How to Classify Single Image using Loaded Net

Hi,

I trained, saved, and can load a resnet50 net, but am not sure of how to feed in a single image for classification using the loaded net.

I’ve tried using the dataloader function, but I think that is more appropriate for testing a group of images that already have labels, whereas a single image that you are trying to classify obviously would not have a label.

If you could point me to the right function to use or to a general methodology to follow, I would greatly appreciate it.

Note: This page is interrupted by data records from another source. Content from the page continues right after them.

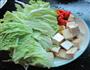 白菜煮豆腐的做法图解1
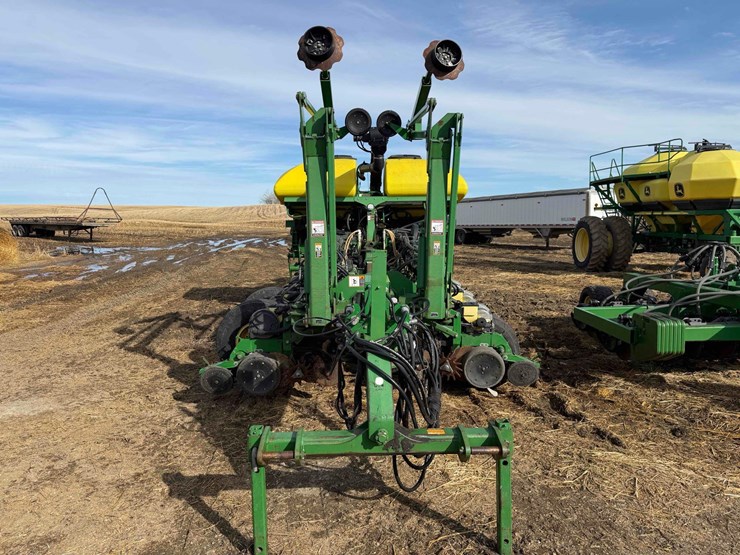 2011-john-deere-1770nt-ccs-image-9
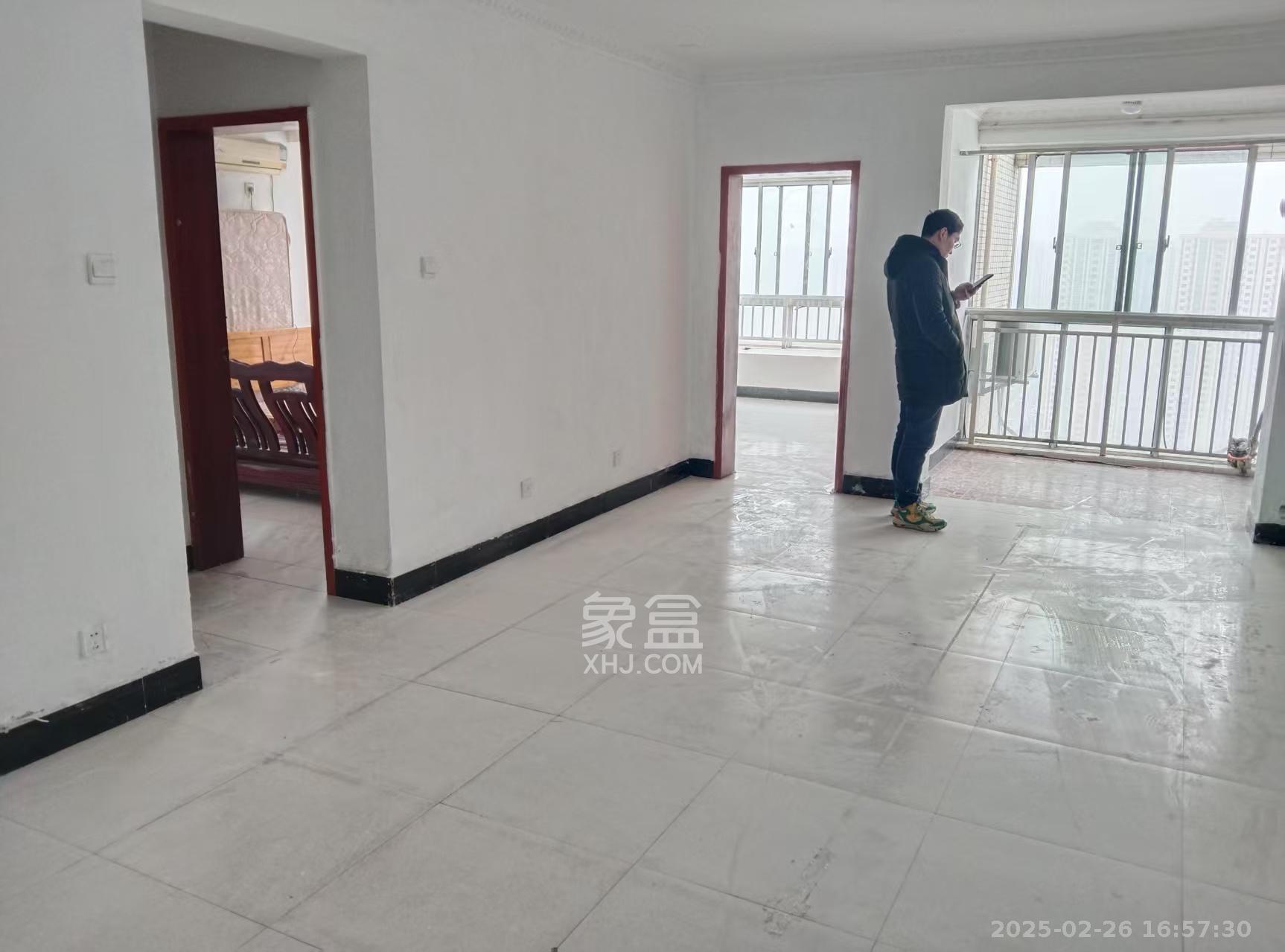 高桥现代商贸城  2室1厅1卫   2000.00元/月室内图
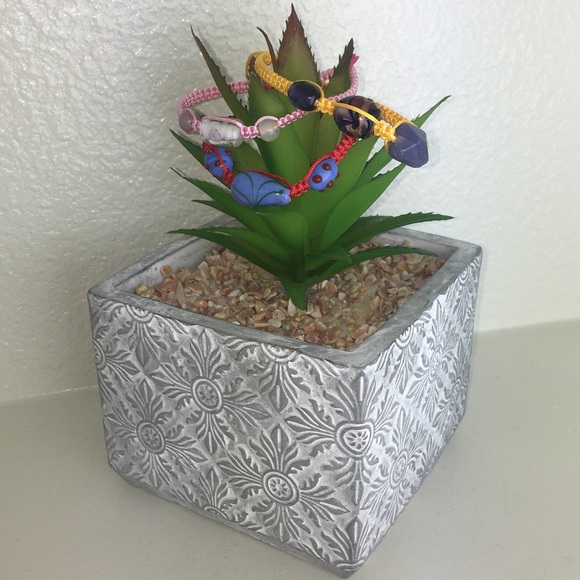 Handmade Chinese Knotting Bracelet W/ Glass Beads - Picture 8 of 8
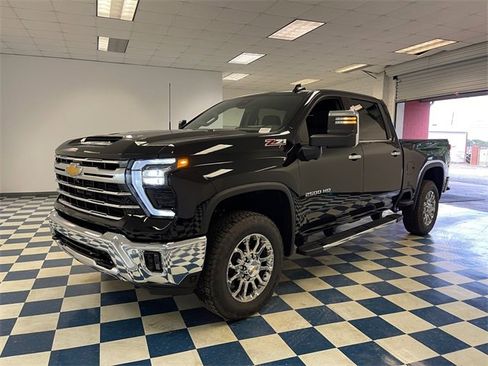 New 2026 Chevrolet Silverado 2500 LTZ w/ LTZ Premium Package image 3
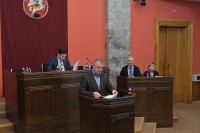 პარლამენტში "სასოფლო-სამეურნეო დანიშნულების მიწის საკუთრების შესახებ" კანონპროექტს მხარი დაუჭირეს
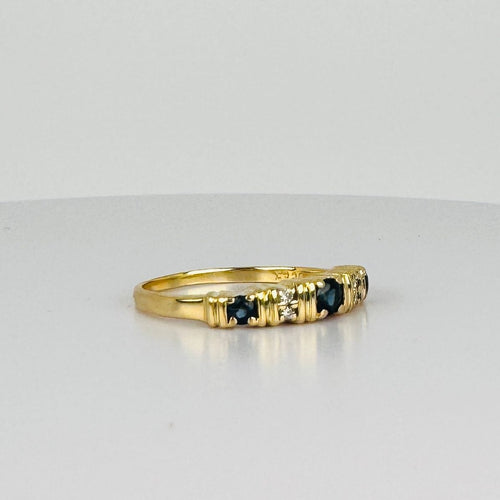 Bague Bague vintage avec saphirs bleus et diamants 58 Facettes 2505010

Sorry if this is a bit basic of a question, but for some reason I could not find much online to guide me on this.

Thanks

5 Likes

I use something like this. I think it’s a mashup of code from various tutorials/examples so my apologies if I should be crediting someone…

uses PIL and torchvision.transforms

imsize = 256
loader = transforms.Compose([transforms.Scale(imsize), transforms.ToTensor()])

def image_loader(image_name):
    """load image, returns cuda tensor"""
    image = Image.open(image_name)
    image = loader(image).float()
    image = Variable(image, requires_grad=True)
    image = image.unsqueeze(0)  #this is for VGG, may not be needed for ResNet
    return image.cuda()  #assumes that you're using GPU

image = image_loader(PATH TO IMAGE)

your_trained_net(image)

hope that helps

12 Likes

Awesome, thank you so much. That worked.

1 Like

Hi again,

One more quick question.
So I am able to classify the image using the code you listed above, but my output is the following:

Variable containing:
0
[torch.LongTensor of size 1]

How do I extract the value of this variable and convert it to, say, an int?
I want to use that int to print out the string description of the category it belongs to.
As I understand it, the value in this variable is the index of the class (folder) that it predicts the image belongs to?

Many thanks

You can extract the tensor present in a Variable by accessing the .data field.
Then, you can take the value corresponding to it by simply indexing it. Here is an example

variable = Variable(torch.rand(1))
num = variable.data[0]

Great, but once I have extracted the LongTensor, how do I convert it to an int?

Thanks

standard casting

int(variable.data[0])

ERROR PyTorch 0.1.11

I think the predict is 2-d tensor, so variable.data[0] is LongTensor. You should use predict.data[0][0] if batch_size is 1

2 Likes

One last thing-wanted to confirm this is in fact correct:

As I understand it, the value of the variable mentioned above is the index of the class (folder) that it predicts the image belongs to?
So, that int is the index of the class name (where the names of the classes are in alphabetical order)?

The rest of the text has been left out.